Too many people still seem to adopt Scrum by going through the motions, like playing a game of soccer at school because its the team sports lesson. Of course, better results are achieved when players are serious about improving their ball skills and team behaviors. They become invested in the outcome. How do we shift teams beyond a surface compliance with Scrum?
Taking a structured play approach to training goes down really well with many of my clients. Using techniques from Gamestorming, Training from the Back of the Room, and Lego Serious Play, I have brought training sessions to life, made them vibrant immersive learning environments, and had consistently high ratings from attendees. How, though, can people transition from the buzz of a high-energy classroom to business as usual in their everyday team spaces and business processes?
Likening Scrum to a game is a good thing
Let’s first establish why Scrum is like a game, or at least an application of structured play.
Some time ago, I wrote articles on gamestorming and gamification, in which I explored how applying game thinking to business can lead to effective outcomes. Recently, as I was completing my Lego Serious Play (LSP) Facilitator training, I was reminded of what I had written about structured play at work.
Briefly, games allow us to create an alternate reality within which we have a defined space, set roles, key artifacts, and rules that enable us to either maintain or break flow as required, including when the game ends.

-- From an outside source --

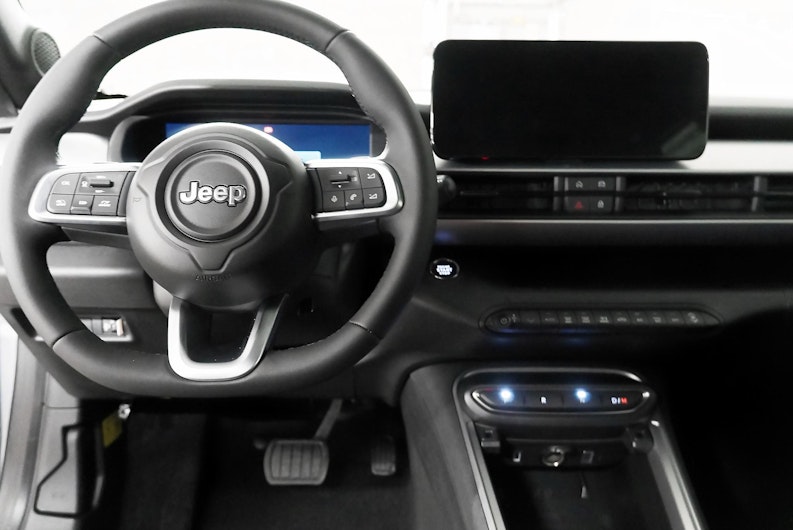 Vehicle image JEEP AVENGER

Just as with a field sport or a board game, having these basics defined for a game allows us to talk the same language, follow the same rules, and focus on getting better … and winning!
In Scrum, we set up a space and a time with the Sprint (the container within which everything else happens) and colocating the team physically or virtually. We have the key roles of scrum master, product owner, and delivery team members. We have the artifacts of product backlog, sprint backlog, and product increment. And we have a set of rules for how we behave and work together: our working agreement as a team, our definitions of ready and done, our event durations and timings, that we may ship when we need and in extremis even cancel a sprint.
Likening Scrum to a game in this way helps us to more readily understand and adopt the behaviors and mindset required to excel at it.
Getting beyond the game
Just like learning any new board game or sport, it takes a little time to understand the basics and be able to do it reliably, and it takes longer to truly master it. If teams get stuck struggling with the basics, they will never reach the performance levels of which they are potentially capable. It’s also demotivating to hear that they’ve faced the same problems at every sprint retrospective.
Teams that do reach higher performance tend to focus on continual improvement in their agile and technical practices. They truly understand the value in the sprint retrospective, wholeheartedly own their improvement backlog, and are active in their individual continuing development too.
However, we do need to maintain a balance of having fun while we are doing this. Retaining the sense of play while we master the game will definitely help with this.